Сила фиров, в отличие от силы данов, способна существовать вне хозяина. Не так долго, как хотелось бы, но это все равно давало мне некоторую свободу передвижения. На луну или две, даже на три я мог покинуть дворцовый комплекс, не опасаясь, что плотная сеть защиты, которая плелась поколениями, рассыплется. Но все равно старался не уезжать надолго — по ряду причин, и это была одна из них. Возвращаясь же, в первую очередь проверял, спокойно ли все и нет ли разрывов.

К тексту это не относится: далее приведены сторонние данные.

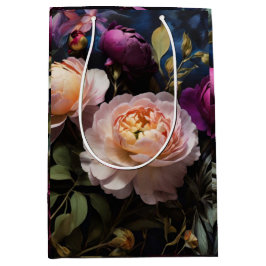 Elegant vintage blommigt måla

Дворец меня не принимал. Терпел, уважая волю последнего хозяина, но не принимал. Позволяя собой командовать в довольно ограниченных пределах, чтобы я мог поддерживать защиту, он каждый раз давал понять, что делает мне одолжение. Брюзгливая древняя груда камней.

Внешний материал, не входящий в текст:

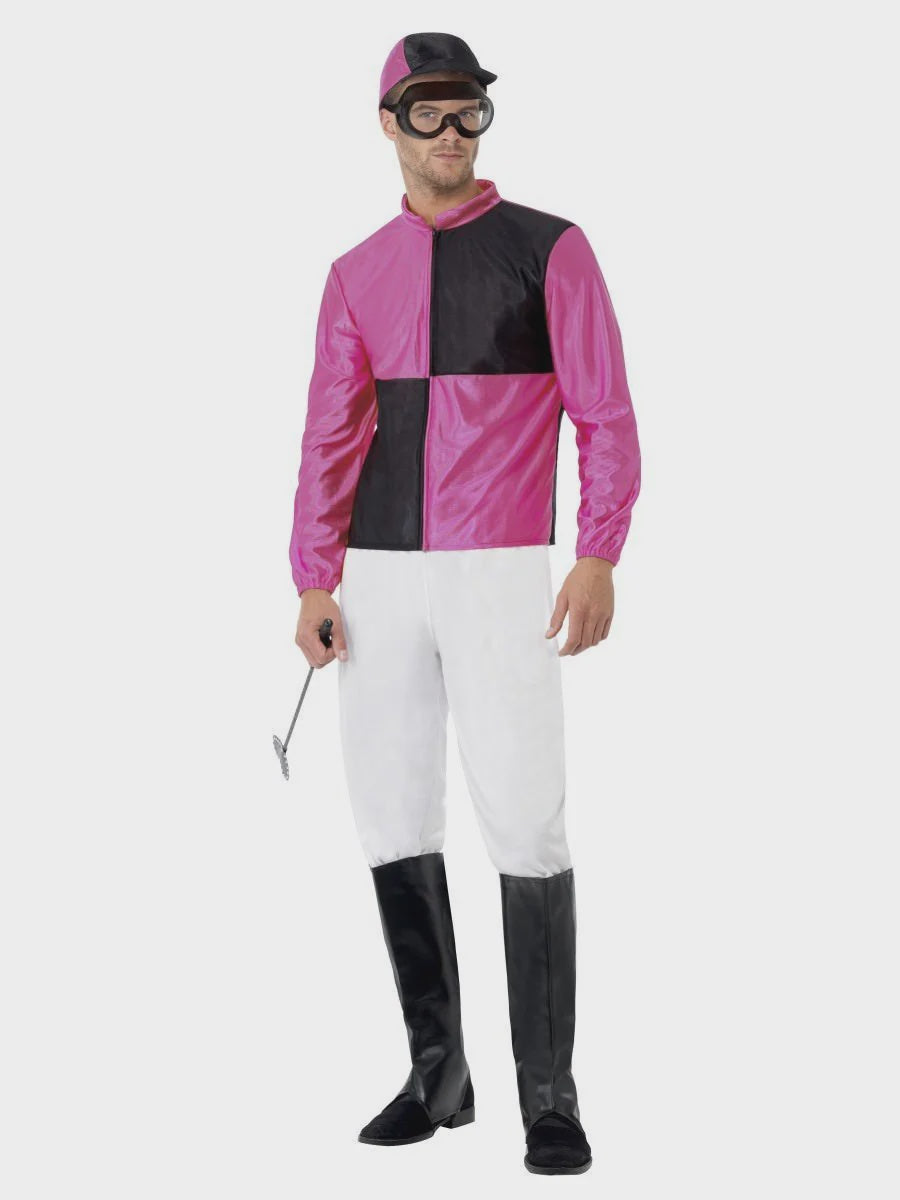 Jockey Mens Costume Pink & Black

Впрочем, чувство это было совершенно взаимным: я ненавидел эту каменную громадину.
А еще мне постоянно казалось, что защита рухнет. Стоит ступить за пределы дворцового парка, и внутри все сжимается от страха и дурного предчувствия, от болезненной жажды, чтобы это уже наконец случилось. Недобрый пристальный взгляд дворца и запах тлена настойчиво гнали прочь, как можно дальше, а страх и долг требовали вернуться. Последние неизменно побеждали и будут побеждать, пока я жив, но… удовольствия это противоборство не доставляло.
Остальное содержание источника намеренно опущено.